The I AM Journal

Insights, reflections and real talk from Jason Alexander - here to help you show up for children, for your practice and for yourself.

 

The I AM Journal: Language - Building Bridges or Walls?

Jun 12, 2025

 

Language is how we build bridges - or walls. It’s not just what we say, it’s how it lands in a child’s body. I’ve seen this play out in classrooms more times than I can count: the same phrase can open a door or shut it tight.

We like to think that language is about what we say, but the truth is, it’s about how it’s felt. A child might not remember every word we use, but they’ll remember how those words felt in their nervous system. They’ll remember whether our words brought calm or confusion, whether they felt safe or small.

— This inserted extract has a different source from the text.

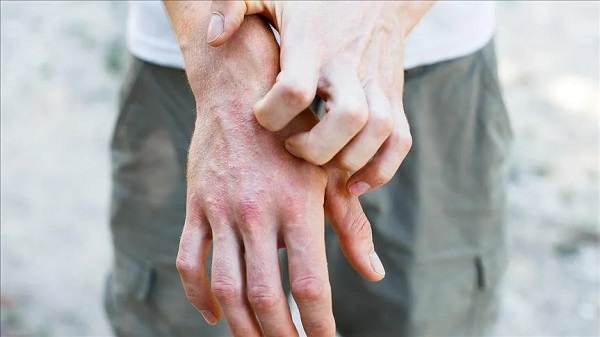 Bu hastalığa dikkat! Geceleri kaşıntınız artıyor mu?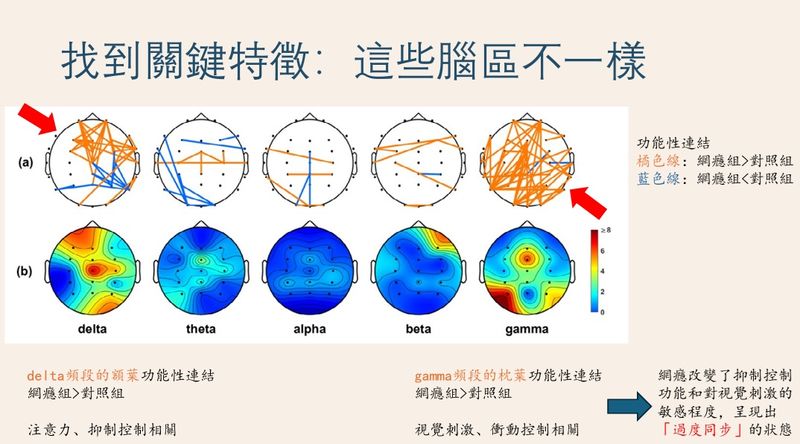 人手一機更易陷網路成癮　國衛院用「腦波」結合AI揪出早期警訊！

This week, I’ve been thinking a lot about the power of language. Not as some fancy tool to fix behaviour, but as the quiet backbone of every interaction we have with children. Because the words we use aren’t just instructions, they’re seeds. They become the stories children carry about themselves and about the world around them.

I’ve been there, moments when my words have been sharp, rushed or careless. When I’ve said “stop” in a way that felt more like a threat than an invitation. When I’ve spoken from my own stress instead of my calm. And every time, I see it in their eyes: that moment of “I’m not safe here” flicker. The shift in their shoulders. The way they either lean in or pull away.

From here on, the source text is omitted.